Astronomers Discover Alien Planet In Our Milky Way

This artist s impression shows HIP 13044 b, an exoplanet orbiting a star that entered our galaxy, the Milky Way, from another galaxy. Getty hide caption
We've talked about colliding galaxies on this blog before. But this piece of science news today is a little weirder: The journal Science reports that astronomers have found the first extragalactic exoplanet in our Milkyway.
In simplistic terms: Some six to nine billion years ago, the Milky Way swallowed up a dwarf galaxy and this planet and its star called HIP 13044 are what's left over.
The scientists suspected the star and planet were from a different galaxy because of its odd orbit.

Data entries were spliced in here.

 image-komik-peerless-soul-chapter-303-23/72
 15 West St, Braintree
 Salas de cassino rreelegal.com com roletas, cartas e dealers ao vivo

Wired explains all the weirdness surrounding this find:
The discovery, notes planet hunter Scott Gaudi of Ohio State University in Columbus, “is doubly weird: It is a weird planet around a weird star.” The star is unusual because it has the lowest abundance of metals — about 1 percent of the sun’s — of any star known to have a planet. (In astronomical parlance, a metal refers to any element heavier than helium.) The vast majority of the roughly 500 extrasolar planets known are found around stars with a much higher metal abundance, and the leading theory of planet formation suggests that stars with high metal contents are those that form giant, Jupiter-like planets.
Also unusual is that HIP 13044 is old enough to have exhausted its supply of hydrogen fuel and passed through the red giant phase of evolution, in which it mushroomed in size. Since then the star contracted to a diameter about seven times that of the sun and is now burning helium at its core. A star in this phase of evolution, known as the red horizontal branch, has never before been found to have a planet.
The BBC explains why this matters:
Dr Robert Massey of the UK's Royal Astronomical Society said the paper provided the first "hard evidence" of a planet of extragalactic origin.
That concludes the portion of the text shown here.